Tools as an Incentive

I just said the tool isn’t the problem, but that doesn’t mean it’s not a critical part of the solution. I’m a techie at heart and I like a shiny new tool just as much as the next person. You can use tools as incentives to get new changes rolling. It’s a tough sell to walk into a meeting and pitch unit testing as a cure to quality issues if they take a long time to write. But if we talk about using Visual Studio Enterprise and how it makes unit tests simple and it’s able to run them real time, now it becomes easier to do unit testing than to test the old way. If we can show how these tools can shrink testing to be an afterthought instead of a week, now we have your attention!

About a year ago, our CIO set a mandate for the entire organization to excel at both DevOps and Agile. But the architecture wasn’t defined, no tools were specified. Which is terrific – DevOps and Agile is just a way of improving what we can do for the business. We now see different teams having different tech stacks and some variation in the tools based on what their pain point is and what their customers are needing.  As a rule, we encourage alignment where it makes sense around either a technology stack or with a common leader. That provides enough alignment that teams can learn from each other and yet look for better ways of solving their issues.
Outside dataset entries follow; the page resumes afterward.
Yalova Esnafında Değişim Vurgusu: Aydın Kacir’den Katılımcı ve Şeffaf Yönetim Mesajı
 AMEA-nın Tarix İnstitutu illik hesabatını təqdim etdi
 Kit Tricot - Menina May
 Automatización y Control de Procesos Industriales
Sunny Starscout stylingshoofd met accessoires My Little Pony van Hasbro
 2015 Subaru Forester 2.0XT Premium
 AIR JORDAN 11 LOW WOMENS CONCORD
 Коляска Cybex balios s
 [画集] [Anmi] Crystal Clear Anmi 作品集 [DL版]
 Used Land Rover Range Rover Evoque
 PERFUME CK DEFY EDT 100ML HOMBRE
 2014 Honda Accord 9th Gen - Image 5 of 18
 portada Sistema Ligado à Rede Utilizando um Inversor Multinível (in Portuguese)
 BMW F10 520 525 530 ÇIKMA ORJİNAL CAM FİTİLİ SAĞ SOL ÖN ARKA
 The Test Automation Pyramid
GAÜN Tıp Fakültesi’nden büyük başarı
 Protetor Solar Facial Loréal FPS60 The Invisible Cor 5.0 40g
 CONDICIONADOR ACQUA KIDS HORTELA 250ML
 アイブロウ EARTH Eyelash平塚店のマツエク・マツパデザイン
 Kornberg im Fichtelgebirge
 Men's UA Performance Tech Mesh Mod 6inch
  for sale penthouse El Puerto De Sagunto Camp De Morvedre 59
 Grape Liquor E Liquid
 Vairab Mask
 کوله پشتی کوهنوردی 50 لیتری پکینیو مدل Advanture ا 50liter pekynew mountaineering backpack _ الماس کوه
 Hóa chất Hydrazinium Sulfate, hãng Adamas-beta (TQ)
The rule is that each main group in IT should favor a toolchain, but should choose software architecture that fits their business needs.  In one area, for example, the focus is on getting changes into production as fast as possible. This is the cutting edge of the blade, so automation and fast turnaround cycles are everything. For them, microservices are a terrific option and the way that their development happens – it fits the business outcomes they want.

Do You Need the Cloud?

They’ll tell you that DevOps means the cloud; you can’t do it without rapid provisioning which means scalable architecture and massive cloud-based datacenters. But we’re almost 100% on-prem. For us, we need to keep our software, especially R&D, privately hosted. That hasn’t slowed us down much.   It would certainly be more convenient to have cloud-based data centers and rapid provisioning, but it’s not required by any means.

Metrics We Care About

We focus on two things – lead time (or cycle time in the industry) and production impact. We want to know the impact in terms of lost opportunity – when the fab slows down or stops because of a change or problem. That resonates very well with management, it’s something everyone can understand.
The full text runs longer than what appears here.